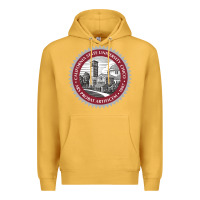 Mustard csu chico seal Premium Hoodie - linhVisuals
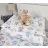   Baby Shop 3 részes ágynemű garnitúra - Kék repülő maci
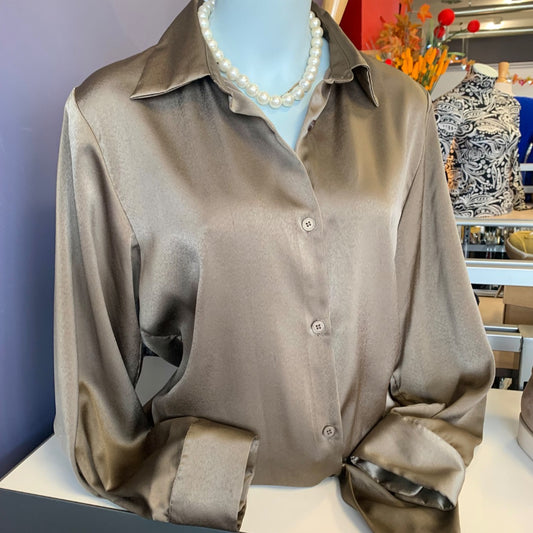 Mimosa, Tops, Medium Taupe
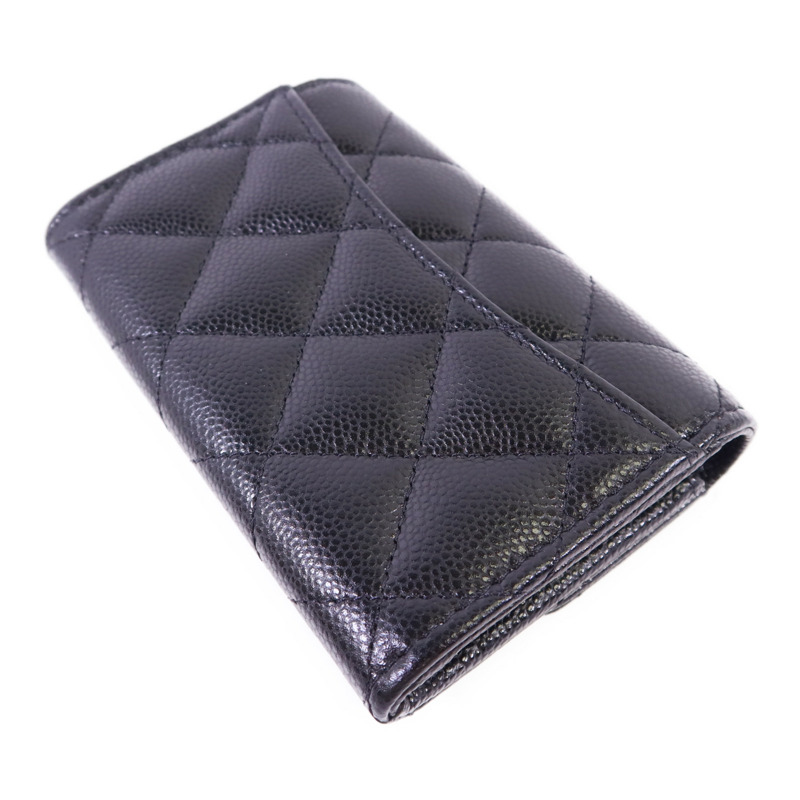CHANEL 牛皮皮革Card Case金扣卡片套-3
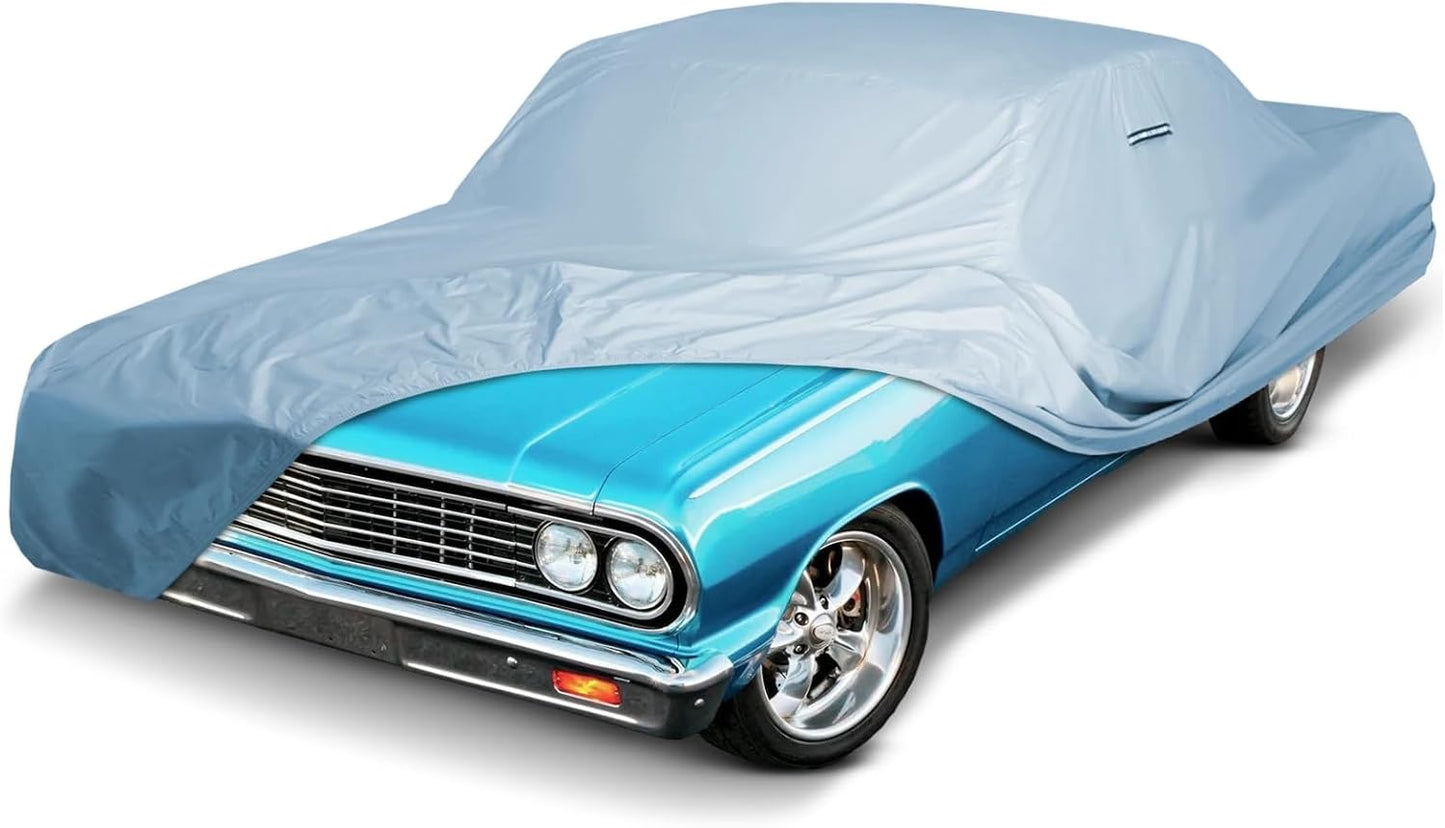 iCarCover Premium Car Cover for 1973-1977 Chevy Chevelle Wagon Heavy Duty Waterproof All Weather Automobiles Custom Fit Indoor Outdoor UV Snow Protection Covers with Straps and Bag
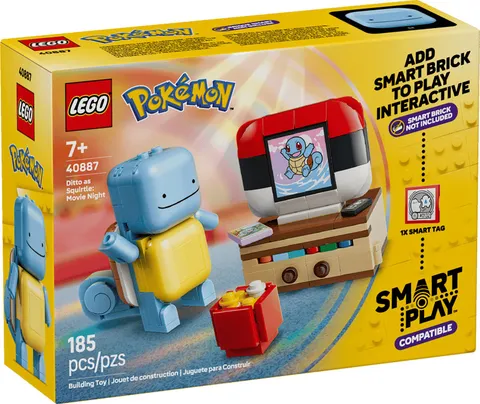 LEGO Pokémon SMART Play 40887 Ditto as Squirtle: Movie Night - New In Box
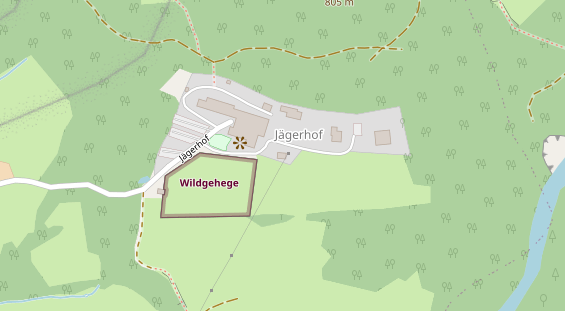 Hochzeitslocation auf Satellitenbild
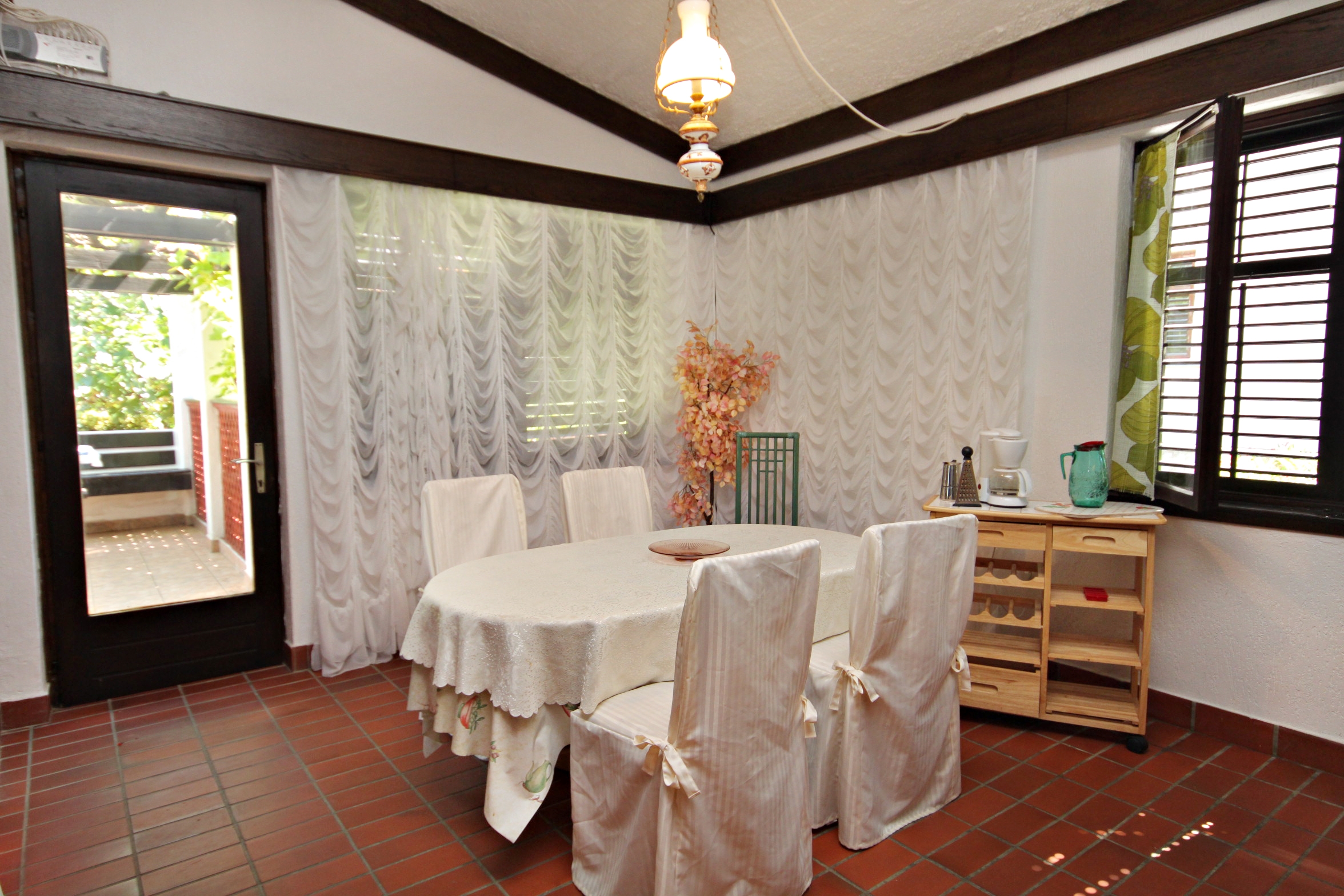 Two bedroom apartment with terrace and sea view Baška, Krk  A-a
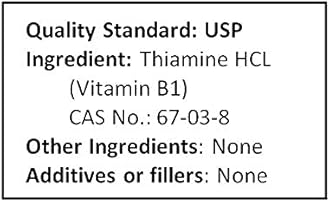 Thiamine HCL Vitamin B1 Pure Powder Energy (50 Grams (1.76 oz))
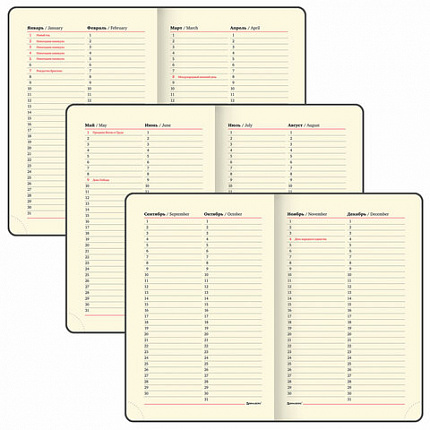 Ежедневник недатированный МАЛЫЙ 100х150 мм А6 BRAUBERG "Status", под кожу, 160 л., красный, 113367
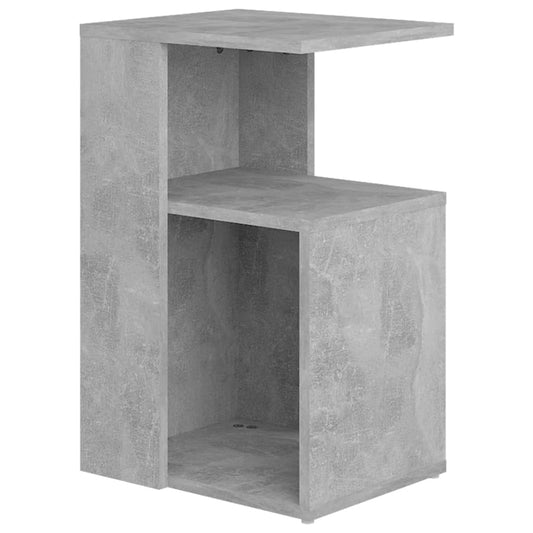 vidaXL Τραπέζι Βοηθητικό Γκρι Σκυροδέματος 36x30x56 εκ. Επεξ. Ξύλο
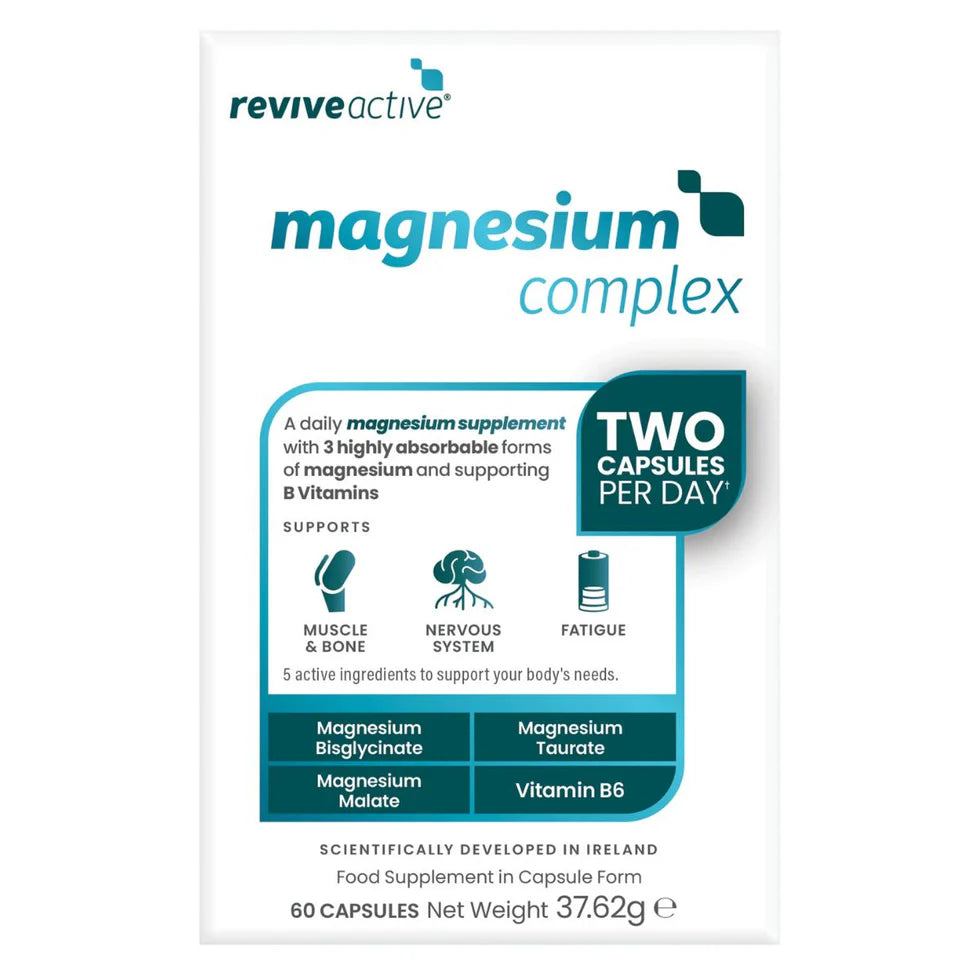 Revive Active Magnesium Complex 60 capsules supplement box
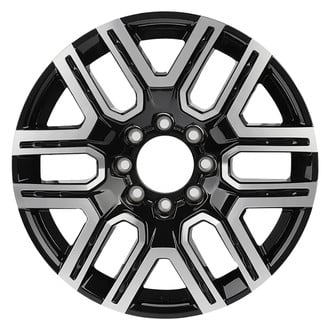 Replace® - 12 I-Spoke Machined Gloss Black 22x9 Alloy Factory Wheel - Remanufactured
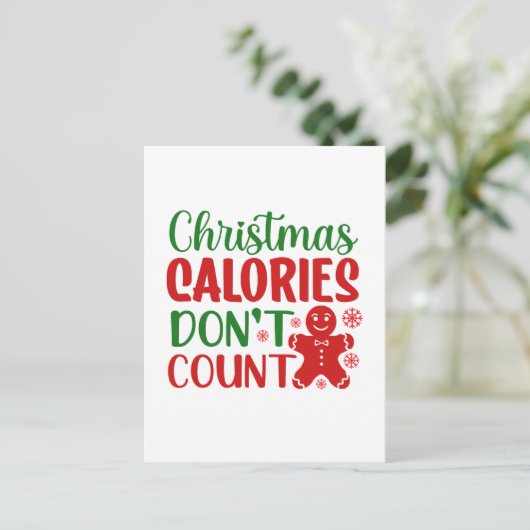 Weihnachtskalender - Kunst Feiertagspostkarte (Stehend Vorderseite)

- _Action item_
Ignoring the pictures, write out word for word the lines from the line containing "LEGO Pokémon SMART" through the end of the material above.

- _Response to the exercise_
 LEGO Pokémon SMART Play 40887 Ditto as Squirtle: Movie Night - New In Box
 Hochzeitslocation auf Satellitenbild
 Two bedroom apartment with terrace and sea view Baška, Krk  A-a
 Thiamine HCL Vitamin B1 Pure Powder Energy (50 Grams (1.76 oz))
 Ежедневник недатированный МАЛЫЙ 100х150 мм А6 BRAUBERG "Status", под кожу, 160 л., красный, 113367
 vidaXL Τραπέζι Βοηθητικό Γκρι Σκυροδέματος 36x30x56 εκ. Επεξ. Ξύλο
 Revive Active Magnesium Complex 60 capsules supplement box
 Replace® - 12 I-Spoke Machined Gloss Black 22x9 Alloy Factory Wheel - Remanufactured
 Weihnachtskalender - Kunst Feiertagspostkarte (Stehend Vorderseite)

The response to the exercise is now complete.